Today was all three. I hadn't thought about staying home, but I was just not in the mood to be around people. But I went and the sermon was great - it was about Job, but it was such a great reminder that things to have to make sense in life for us to worship God, to trust God, and to have a great relationship with Him. What we see as chaos or rejection or re-direction is simply part of God's plan. We can't just muster up the faith though, it comes from being in a relationship with Him on a regular basis, and asking God for it. I talked to friends today and it was great to catch up, and I took the time to listen to others about their weeks and what is going on in their life.


After driving with the window down in the car, getting some lunch, Starbucks, and getting a few small things at Target, I came home and wrote in my journal for like an hour. After writing about what was going on in life, I was also writing about the sermon and what I was going to pray for my friends and coworkers about, and guess what happened. I totally got distracted, and suddenly felt the need to go do something stupid. And was suddenly filled with doubts and frustrations that I was trying to ignore. Well, duh, it was satan distracting me. I refocused and got back on track. When they say that satan is the author of lies, it rings true. I saw on twitter the other day, "Comparison is the enemy of joy." I see other people who are more successful at photography, have better pictures, or have more jobs in it and think, "Well I'll never even be that good or have jobs in that," or "Of course I'm single - I'm not as pretty/cool/funny/nice/interesting as that girl." Ah, but what lies. And I image prayer being like a machine gun to those lies, hahaha. Shot down to the ground. My God is bigger than that.



Friday, February 21, 2014

Well...

FAFSA didn't give me enough money to go back to school at Portfolio Center, so I a no longer going. I am still trying to figure out what I will be doing and how to continue on with photography... back to square one. Stupid square one. I will leave the rest of my feelings out of this post because it would be incredibly long and obvious.

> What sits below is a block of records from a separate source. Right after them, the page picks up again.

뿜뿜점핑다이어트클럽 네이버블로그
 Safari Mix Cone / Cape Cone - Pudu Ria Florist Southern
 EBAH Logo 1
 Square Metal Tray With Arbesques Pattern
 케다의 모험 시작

I did buy a Canon 6D today though! It's awesome and intimidating at the moment. If the shutter was any louder I think people would think I was shooting a real canon at them. But oh well, it's worth it when it takes great pictures!



Thursday, February 13, 2014

Snow and ice, pretty and nice

Well, two weeks later and we're hit by another snow storm, worse than before! At least this time it happened during the middle of the night so people were already home. I did work yesterday, from 1-8, but not today. The ice came down and it wasn't pretty - hardly any snow - and then later this evening when I didn't even know it, the snow poured down. I looked outside around 2 AM and everything was covered in snow. I don't know how long we'll be "stuck" in our houses, but I'm ok with that. :-) The only thing I don't like is that I'm "supposed" to work on Friday night, and by that point it will still be a questionable thing if I can / should leave the house or not. Sigh. I AM sad that I have to miss bible study tomorrow night, but it seems like a lot of things have postponed bible study since August, so I'm kind of used to it sadly.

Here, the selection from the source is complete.